Dal punto di vista del cosiddetto mercato giornalistico, la retribuzione ha senso, è ovvio.
Uno fa una cosa e un altro sgancia la pila.
Ma la mia domanda è un’altra: perché occorre andare sui giornali?
Visibilità?
Prestigio?
Dice: ma ci son sempre stati, gli intellettuali “esterni” sui giornali!
Sì.
Ma Internet non c’era.
E io non so veramente capire, in questo quadro, perché mai Internet debba essere il fratellino povero dei giornali.
Perché Internet sia considerato così poco da pensare che esso possa al massimo essere un trampolino di lancio per intelligenze eccezionali.
1 febbraio 2010 alle 22:50
mah.
a mio avviso, perché se intendiamo per “internet” l’autopubblicazione o la blogosfera, queste quasi sempre non pagano. e – almeno per ora, e salvo determinati casi – hanno senz’altro meno visibilità presso un pubblico vasto e variegato.
non capisco cosa ci sia di male a volere più visibilità per i propri scritti o una retribuzione. giuro, non capisco il punto sul concreto. non capisco dove stia l’errore.
certo, magari in un futuro magari anche prossimo il web soppianterà totalmente la carta e offrirà opportunità ancora più vaste di diffusione e retribuzione, ma per ora non è così.
e questo a mio avviso può valere benissimo anche per la cronaca: perché un bravo blogger che posta interventi da una zona di guerra non vorrebbe vedere i suoi pezzi pubblicati e pagati su un quotidiano?
non vedo il discrimine.
in ogni caso, non credo che uno scrittore scriva “sostanzialmente su qualunque argomento, sembrerebbe, in grazia dell’eccellenza dell’argomentare o della deliziosità dello stile”. spesso succede, ma (come dicevo rispondenti tempo fa su facebook) questa è la degenerazione dell’idea: un po’ come chiedere a cannavaro un’opinione sul lodo alfano, solo perché cannavaro è famoso. lo scrittore scrive di una cosa solo perché scrive deliziosamente.
a me sembra invece che un bravo scrittore possa dare del valore aggiunto a una pagina culturale. magari perché ha scritto un libro su x e ne può parlare con intelligenza e a ragion veduta. oppure perché è un esperto di letteratura americana (ma non un accademico palloso) e ne sa parlare in maniera vivace. eccetera.
del resto, lo stesso argomento non può applicarsi al giornalista interno della pagina di cultura?
“il giornalista di cultura scrive sostanzialmente su qualunque argomento, sembrerebbe, in grazia dell’eccellenza dell’argomentare o della deliziosità dello stile”.
suona bene.
forse basterebbe smettere di usare la parola “scrittore” e usare quella “intellettuale”?
2 febbraio 2010 alle 06:58
Dalla discussione in corso tra Giorgio Fontana e Federica Sgaggio, estraggo una frase di Giorgio: “Non capisco cosa ci sia di male a volere più visibilità per i propri scritti o una retribuzione.

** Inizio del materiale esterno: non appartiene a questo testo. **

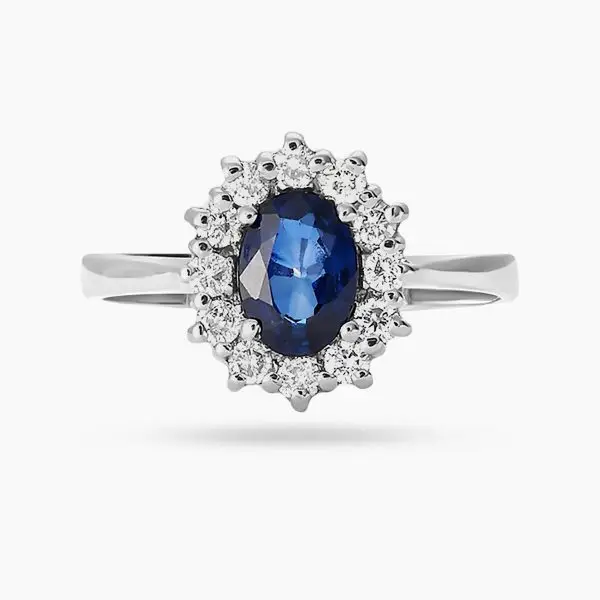 Classic Sapphire and Diamond Halo Ring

Giuro, non capisco il punto sul concreto. Non capisco dove stia l’errore”.
Faccio un esempio mentale ed estremo. Mettiamo che Tizio voglia fare la rivoluzione. Naturalmente la prima questione è: “Fare la rivoluzione è un lavoro, fisico e intellettuale, anzi più intellettuale che fisico”. Si mette quindi in cerca di qualcuno che lo paghi per fare la rivoluzione. Va alla Mondadori, e gli dicono: “No, grazie, in questi anni la rivoluzione vende poco”. Va al “manifesto” e gli dicono: “Bene, bene, se ci fai un po’ di rivoluzione noi la pubblichiamo, ma non abbiamo soldi per pagarti”. Eccetera. Allora Tizio si scora un po’, e a un certo punto – discutendo con un’amica che fa la rivoluzionaria di professione, ma purtroppo come dipendente di un’azienda conservatrice – gli scappa di dire: “Non capisco cosa ci sia di male a volere più visibilità per la propria rivoluzione, o una retribuzione. Giuro, non capisco il punto sul concreto. Non capisco dove stia l’errore”.
L’esempio è mentale ed estremo, e mi auguro sia preso per tale.
Tra le mie scelte personali c’è anche quella di fare certe cose senza chiedere d’essere pagato. Le ragioni per non voler essere pagato sono due, e completamente diverse:
1. in certi casi, perché mi fa piacere fare quella certa cosa, per quel certo partner, gratuitamente;
2. in altri casi, perché voglio che non mi si possa mai dire: “Noi ti paghiamo per questo, e quindi devi darci questo“.
Al di là del fatto che essere pagati per avere un’opinione e scriverla in un giornale, ossia essere pagati per esercitare un diritto di tutti e di ciascuno (avere un’opinione) in forma privilegiata (scriverla su un giornale) mi è sempre sembrato una cosa bizzarra.
A margine. C’è una ragione precisa, se i giornali “di sinistra” tendono a non pagare: hanno pochi soldi. Hanno pochi soldi perché vendono poco e perché hanno pochissima pubblicità.
giulio mozzi
2 febbraio 2010 alle 09:10
ciao giulio, non ho capito la necessità dell'”esempio estremo”.
se non era chiara la mia posizione, la ripeto: cercare di migliorare la propria posizione non significa necessariamente fare qualcosa che va contro la propria coscienza. la possibilità di un controesempio non è un controesempio.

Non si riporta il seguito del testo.